[ENTRIES SUPPLIED Boundary: Start]

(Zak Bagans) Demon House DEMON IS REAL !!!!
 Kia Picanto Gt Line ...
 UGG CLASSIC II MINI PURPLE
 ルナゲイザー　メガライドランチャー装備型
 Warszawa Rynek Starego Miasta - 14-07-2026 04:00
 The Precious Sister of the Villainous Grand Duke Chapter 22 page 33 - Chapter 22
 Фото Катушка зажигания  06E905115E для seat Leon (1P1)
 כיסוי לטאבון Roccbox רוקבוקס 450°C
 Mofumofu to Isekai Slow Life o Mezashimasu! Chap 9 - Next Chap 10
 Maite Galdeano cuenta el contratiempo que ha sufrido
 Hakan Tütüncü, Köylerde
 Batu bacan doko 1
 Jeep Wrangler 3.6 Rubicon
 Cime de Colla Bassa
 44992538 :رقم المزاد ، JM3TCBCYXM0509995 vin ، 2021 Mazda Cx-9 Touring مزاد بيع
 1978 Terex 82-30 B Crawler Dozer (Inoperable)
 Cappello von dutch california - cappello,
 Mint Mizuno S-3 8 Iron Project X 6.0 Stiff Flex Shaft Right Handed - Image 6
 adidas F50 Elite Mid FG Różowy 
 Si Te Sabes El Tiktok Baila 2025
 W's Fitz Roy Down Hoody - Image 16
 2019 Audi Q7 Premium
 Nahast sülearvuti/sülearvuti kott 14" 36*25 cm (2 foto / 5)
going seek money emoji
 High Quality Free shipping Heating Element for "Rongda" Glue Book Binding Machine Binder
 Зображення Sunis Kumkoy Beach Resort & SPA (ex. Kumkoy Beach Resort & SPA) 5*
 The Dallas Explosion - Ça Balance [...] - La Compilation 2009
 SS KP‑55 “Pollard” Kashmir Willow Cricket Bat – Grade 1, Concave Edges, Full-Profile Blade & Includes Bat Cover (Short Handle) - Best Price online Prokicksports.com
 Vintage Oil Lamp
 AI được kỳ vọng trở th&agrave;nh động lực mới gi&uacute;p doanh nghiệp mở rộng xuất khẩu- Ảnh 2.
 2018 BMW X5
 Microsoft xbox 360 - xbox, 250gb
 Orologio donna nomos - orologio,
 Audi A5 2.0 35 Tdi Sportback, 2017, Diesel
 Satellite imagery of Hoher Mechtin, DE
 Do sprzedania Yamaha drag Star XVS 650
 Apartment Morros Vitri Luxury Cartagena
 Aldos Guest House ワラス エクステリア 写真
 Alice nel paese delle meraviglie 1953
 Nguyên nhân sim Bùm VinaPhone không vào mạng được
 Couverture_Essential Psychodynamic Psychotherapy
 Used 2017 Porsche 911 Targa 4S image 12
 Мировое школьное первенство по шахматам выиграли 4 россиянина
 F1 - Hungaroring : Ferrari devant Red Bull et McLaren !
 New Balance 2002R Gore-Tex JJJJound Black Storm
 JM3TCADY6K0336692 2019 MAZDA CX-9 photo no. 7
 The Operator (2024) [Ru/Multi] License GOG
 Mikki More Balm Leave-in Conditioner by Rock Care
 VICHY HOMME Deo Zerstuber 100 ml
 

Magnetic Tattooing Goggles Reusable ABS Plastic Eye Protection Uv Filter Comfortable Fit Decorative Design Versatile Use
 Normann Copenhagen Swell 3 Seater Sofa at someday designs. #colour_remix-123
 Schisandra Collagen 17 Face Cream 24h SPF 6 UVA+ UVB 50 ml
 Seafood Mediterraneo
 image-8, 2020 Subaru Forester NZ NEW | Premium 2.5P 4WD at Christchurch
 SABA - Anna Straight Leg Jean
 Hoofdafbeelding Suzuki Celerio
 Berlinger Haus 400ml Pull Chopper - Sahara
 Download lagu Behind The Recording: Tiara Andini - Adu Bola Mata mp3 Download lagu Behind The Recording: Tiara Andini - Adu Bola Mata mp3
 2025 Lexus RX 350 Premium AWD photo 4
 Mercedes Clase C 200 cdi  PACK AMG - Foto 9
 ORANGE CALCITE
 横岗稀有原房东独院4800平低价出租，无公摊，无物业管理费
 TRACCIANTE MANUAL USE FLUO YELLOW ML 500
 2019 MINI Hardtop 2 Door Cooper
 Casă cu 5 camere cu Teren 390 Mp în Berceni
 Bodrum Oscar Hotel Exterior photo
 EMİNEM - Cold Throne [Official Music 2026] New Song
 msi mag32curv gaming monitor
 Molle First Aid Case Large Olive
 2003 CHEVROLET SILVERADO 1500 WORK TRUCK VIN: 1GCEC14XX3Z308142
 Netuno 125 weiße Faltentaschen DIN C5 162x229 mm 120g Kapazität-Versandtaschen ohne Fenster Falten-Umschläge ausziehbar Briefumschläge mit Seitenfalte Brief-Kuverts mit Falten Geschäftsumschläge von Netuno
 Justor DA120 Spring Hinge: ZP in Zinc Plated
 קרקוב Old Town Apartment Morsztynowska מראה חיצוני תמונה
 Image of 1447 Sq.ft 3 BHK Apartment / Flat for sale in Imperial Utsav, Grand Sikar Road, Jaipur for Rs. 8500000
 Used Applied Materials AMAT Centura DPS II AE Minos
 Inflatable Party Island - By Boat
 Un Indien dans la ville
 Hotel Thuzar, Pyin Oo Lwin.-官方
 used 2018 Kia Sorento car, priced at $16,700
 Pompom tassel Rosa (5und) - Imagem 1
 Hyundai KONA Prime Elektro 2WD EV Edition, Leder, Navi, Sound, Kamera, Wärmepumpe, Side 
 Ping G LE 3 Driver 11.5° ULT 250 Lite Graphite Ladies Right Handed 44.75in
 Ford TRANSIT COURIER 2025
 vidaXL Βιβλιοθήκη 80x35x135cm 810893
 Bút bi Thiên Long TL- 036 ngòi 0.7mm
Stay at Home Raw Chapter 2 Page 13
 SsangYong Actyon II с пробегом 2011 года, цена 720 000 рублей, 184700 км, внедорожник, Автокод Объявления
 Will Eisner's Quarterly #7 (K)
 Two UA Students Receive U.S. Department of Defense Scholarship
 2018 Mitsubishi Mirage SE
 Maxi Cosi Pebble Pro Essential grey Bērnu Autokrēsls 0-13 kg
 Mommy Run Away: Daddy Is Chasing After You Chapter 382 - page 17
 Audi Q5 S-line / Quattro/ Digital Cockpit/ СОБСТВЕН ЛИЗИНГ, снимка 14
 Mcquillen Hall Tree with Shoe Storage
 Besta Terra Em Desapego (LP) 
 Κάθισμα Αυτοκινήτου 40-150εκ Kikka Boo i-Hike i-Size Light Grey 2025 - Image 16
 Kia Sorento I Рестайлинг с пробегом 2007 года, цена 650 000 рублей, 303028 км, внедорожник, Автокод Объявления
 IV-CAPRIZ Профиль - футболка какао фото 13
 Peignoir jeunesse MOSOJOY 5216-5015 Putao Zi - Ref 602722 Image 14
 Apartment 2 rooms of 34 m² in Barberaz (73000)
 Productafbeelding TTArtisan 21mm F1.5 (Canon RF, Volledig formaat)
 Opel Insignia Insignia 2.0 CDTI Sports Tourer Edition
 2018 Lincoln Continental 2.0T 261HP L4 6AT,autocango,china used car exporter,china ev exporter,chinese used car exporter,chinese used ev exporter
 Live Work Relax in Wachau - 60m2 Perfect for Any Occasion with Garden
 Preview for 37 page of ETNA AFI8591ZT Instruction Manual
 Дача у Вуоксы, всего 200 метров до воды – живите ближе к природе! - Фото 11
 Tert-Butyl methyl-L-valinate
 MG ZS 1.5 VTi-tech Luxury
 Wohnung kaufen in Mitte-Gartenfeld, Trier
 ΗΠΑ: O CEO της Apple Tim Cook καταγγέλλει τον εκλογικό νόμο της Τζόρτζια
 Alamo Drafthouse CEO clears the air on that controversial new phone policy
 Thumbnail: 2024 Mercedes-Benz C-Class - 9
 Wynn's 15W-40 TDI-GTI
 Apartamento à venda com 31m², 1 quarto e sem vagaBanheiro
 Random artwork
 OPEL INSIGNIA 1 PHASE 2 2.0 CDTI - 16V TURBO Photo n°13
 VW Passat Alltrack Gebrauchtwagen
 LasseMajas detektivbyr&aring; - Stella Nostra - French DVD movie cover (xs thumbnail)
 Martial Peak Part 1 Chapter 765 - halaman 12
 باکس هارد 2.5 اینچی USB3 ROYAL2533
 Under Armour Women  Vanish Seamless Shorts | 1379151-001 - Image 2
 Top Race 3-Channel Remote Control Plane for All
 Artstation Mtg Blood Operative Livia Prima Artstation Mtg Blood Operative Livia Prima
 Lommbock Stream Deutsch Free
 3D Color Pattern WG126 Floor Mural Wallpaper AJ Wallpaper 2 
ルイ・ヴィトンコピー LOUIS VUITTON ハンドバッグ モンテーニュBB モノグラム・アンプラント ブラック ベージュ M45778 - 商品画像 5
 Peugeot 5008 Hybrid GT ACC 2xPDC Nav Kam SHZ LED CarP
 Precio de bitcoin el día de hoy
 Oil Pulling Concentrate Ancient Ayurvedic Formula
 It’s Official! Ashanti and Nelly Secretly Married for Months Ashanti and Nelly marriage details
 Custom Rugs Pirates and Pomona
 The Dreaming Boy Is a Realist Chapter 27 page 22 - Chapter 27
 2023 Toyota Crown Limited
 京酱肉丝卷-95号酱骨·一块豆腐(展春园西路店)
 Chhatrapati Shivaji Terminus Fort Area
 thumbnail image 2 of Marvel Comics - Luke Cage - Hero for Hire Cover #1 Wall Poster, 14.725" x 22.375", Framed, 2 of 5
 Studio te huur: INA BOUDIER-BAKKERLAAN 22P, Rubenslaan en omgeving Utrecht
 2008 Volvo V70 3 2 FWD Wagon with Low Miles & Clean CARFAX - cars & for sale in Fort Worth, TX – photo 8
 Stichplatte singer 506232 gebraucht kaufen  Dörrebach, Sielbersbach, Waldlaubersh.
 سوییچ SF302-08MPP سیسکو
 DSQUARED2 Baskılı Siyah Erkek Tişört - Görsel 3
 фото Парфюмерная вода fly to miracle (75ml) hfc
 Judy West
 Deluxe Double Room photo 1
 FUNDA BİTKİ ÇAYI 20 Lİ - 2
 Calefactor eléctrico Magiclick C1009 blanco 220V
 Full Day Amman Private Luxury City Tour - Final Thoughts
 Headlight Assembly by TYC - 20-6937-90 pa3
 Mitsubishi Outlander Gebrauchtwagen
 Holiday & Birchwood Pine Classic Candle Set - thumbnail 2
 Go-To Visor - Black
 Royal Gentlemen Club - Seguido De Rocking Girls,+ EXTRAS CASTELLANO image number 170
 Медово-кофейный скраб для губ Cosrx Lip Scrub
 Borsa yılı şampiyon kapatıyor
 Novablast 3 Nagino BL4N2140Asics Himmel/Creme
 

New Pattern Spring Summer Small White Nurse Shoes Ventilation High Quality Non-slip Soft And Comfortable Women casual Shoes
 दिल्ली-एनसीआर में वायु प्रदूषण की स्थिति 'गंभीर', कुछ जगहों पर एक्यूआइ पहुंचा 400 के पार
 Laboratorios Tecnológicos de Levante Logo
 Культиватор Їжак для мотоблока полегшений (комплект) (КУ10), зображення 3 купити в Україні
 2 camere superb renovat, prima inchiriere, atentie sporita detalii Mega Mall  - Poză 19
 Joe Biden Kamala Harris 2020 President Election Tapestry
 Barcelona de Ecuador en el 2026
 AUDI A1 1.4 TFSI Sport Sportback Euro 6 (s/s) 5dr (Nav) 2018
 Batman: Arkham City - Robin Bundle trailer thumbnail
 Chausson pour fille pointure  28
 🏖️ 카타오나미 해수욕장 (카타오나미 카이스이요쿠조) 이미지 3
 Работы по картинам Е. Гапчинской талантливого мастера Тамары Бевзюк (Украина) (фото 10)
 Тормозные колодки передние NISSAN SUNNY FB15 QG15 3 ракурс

[ENTRIES SUPPLIED Boundary: End]

## EXERCISE OBJECTIVE
Each line of the material above that contains the string "пробегом" adds one to the count; report the final count only.

## YOUR RESPONSE
2